Zulip Chat Archive

Stream: maths

Topic: Errors with order hierarchy


view this post on Zulip Heather Macbeth (Aug 28 2020 at 21:17):

I contributed some theorems for conditionally complete linear orders (#3843), now I want to use them for real analysis. How can I get the conditionally complete linear order property for an interval? I want:

variables [conditionally_complete_linear_order α] {a b : α}

instance subtype.conditionally_complete_linear_order :
  conditionally_complete_linear_order (Ioo a b) :=
sorry

Since mathlib already has docs#subtype.linear_order, I had thought it might be enough to show the 4 new properties for docs#conditionally_complete_linear_order, doing something like

instance subtype.conditionally_complete_linear_order :
  conditionally_complete_linear_order (Ioo a b) :=
{ le_cSup := _,
  cSup_le := _,
  cInf_le := _,
  le_cInf := _,
  ..subtype.linear_order (Ioo a b) }

But this gives me no end of errors -- things like, "invalid structure value { ... }, field 'sup' was not provided".

view this post on Zulip Heather Macbeth (Aug 29 2020 at 03:52):

With some trial and error, I got this working as

noncomputable instance subtype.conditionally_complete_lattice [inhabited (Ioo a b)] :
  conditionally_complete_lattice (Ioo a b) :=
{ Sup := _,
  le_cSup := _,
  cSup_le := _,
  Inf := _,
  cInf_le := _,
  le_cInf := _,
  ..distrib_lattice.to_lattice (Ioo a b) }

for suitable _.

view this post on Zulip Mario Carneiro (Aug 29 2020 at 03:54):

You know, I think this is true for any open subset of R

view this post on Zulip Heather Macbeth (Aug 29 2020 at 03:57):

You mean, without the inhabited? Yes, I am playing with that at the moment.

view this post on Zulip Heather Macbeth (Aug 29 2020 at 03:59):

I use the inhabited in order to define

Sup := λ t, if ht : Sup (coe '' t : set α)  (Ioo a b) then Sup (coe '' t : set α), ht else default (Ioo a b),

Hard to avoid this, but I could do a case analysis with a separate case for non-inhabited α. Is there a typeclass for empty α or similar? I haven't had to reason about them before.

view this post on Zulip Heather Macbeth (Aug 29 2020 at 04:05):

Oh -- maybe you mean any open subset, not just an interval. That may well be true, but I think it fits less well in the library. The statement about open intervals can live in order.conditionally_complete_lattice. The statement about open sets would have to be deferred to topology.algebra.ordered.

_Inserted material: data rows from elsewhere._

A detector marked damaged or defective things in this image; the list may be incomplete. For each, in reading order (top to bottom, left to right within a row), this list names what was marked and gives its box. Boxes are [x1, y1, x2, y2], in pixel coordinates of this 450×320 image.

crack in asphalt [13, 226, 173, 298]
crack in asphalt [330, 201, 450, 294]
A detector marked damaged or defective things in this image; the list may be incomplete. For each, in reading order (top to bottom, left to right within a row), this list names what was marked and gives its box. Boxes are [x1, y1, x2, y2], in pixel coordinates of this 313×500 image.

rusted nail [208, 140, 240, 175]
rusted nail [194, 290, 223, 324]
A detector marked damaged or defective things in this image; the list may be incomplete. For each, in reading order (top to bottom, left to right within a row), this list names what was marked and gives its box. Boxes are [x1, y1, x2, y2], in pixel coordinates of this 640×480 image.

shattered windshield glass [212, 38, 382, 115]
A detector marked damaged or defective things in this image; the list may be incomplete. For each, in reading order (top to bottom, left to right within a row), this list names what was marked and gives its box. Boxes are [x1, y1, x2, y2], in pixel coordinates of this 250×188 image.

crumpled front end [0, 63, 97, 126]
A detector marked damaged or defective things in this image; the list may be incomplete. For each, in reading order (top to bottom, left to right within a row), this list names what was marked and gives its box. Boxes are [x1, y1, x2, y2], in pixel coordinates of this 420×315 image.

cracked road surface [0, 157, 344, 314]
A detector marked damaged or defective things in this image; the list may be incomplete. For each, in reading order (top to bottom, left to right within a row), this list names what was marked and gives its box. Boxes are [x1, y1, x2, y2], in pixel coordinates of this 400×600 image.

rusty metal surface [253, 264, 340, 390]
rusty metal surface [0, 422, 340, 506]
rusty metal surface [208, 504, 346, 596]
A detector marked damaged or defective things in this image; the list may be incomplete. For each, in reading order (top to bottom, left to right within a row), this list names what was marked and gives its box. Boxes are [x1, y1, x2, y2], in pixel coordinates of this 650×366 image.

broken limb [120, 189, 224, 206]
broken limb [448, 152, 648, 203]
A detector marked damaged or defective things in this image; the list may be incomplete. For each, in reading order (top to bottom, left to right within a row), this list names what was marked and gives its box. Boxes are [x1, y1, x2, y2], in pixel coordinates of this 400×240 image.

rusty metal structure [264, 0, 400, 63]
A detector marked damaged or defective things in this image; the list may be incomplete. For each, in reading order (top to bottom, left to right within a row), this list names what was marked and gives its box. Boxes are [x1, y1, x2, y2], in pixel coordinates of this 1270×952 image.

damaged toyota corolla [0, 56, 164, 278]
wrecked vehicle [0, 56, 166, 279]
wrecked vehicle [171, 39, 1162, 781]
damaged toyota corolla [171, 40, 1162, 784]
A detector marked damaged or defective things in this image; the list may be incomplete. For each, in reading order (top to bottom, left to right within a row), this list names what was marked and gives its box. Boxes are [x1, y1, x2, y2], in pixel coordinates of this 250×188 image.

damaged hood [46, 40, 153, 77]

view this post on Zulip Mario Carneiro (Aug 29 2020 at 04:11):

I don't mean the instance should be registered, just that it is a mathematically more general theorem

view this post on Zulip Heather Macbeth (Aug 29 2020 at 04:13):

While I have your attention ( :smiley:), how do I do this?

Heather Macbeth said:

I could do a case analysis with a separate case for non-inhabited α. Is there a typeclass for empty α or similar? I haven't had to reason about them before.

view this post on Zulip Mario Carneiro (Aug 29 2020 at 04:14):

Do by_cases h : nonempty A

view this post on Zulip Heather Macbeth (Aug 29 2020 at 04:14):

Thanks!!

view this post on Zulip Mario Carneiro (Aug 29 2020 at 04:14):

under the assumption that it is false, you can prove that A is empty

view this post on Zulip Mario Carneiro (Aug 29 2020 at 04:15):

we don't have any particular typeclass for this but generally whatever you are proving will become trivial under this assumption

view this post on Zulip Heather Macbeth (Aug 29 2020 at 04:17):

Do I need to enter tactic mode in my definition, then? Is there a more idiomatic way?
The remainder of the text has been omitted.